* WHAT IS BEING ASKED: Return all entries word for word, but drop any images.

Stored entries
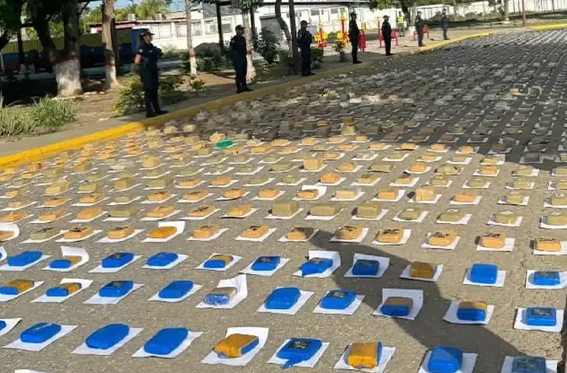 https://www.instagram.com/p/DZ8SP1SEcS3/?igsh=MTdsZDM5c3BocHJzZg==
Droga incautada por Polilara
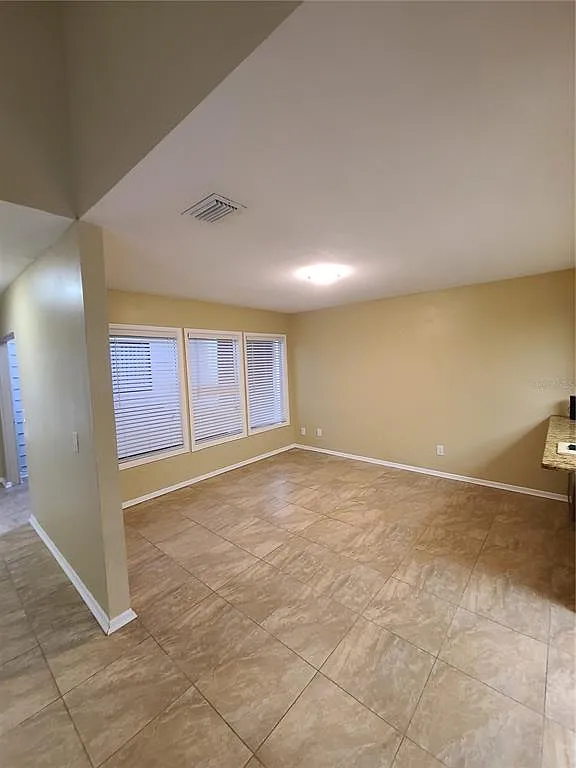 3 bed, 2.0 bath, 1700 sqft, $2,450 — Photo 4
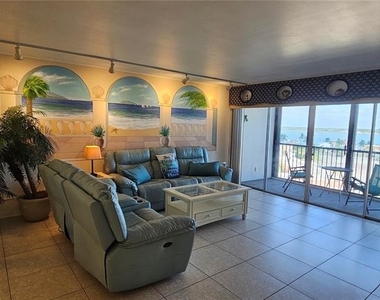 10355 Paradise Boulevard - Photo Thumbnail 2
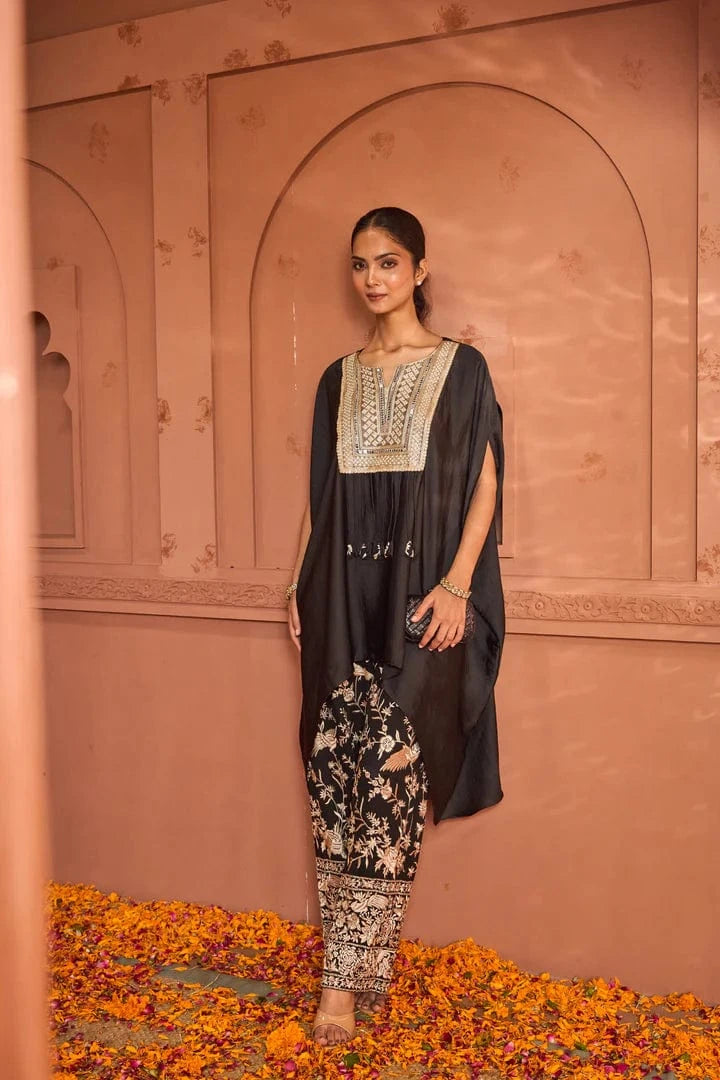 Tasuvure X MW  Reyna Gara Glazed Kaia Kaftan Top -Black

* TASK OUTPUT:
 https://www.instagram.com/p/DZ8SP1SEcS3/?igsh=MTdsZDM5c3BocHJzZg==
Droga incautada por Polilara
 3 bed, 2.0 bath, 1700 sqft, $2,450 — Photo 4
 10355 Paradise Boulevard - Photo Thumbnail 2
 Tasuvure X MW  Reyna Gara Glazed Kaia Kaftan Top -Black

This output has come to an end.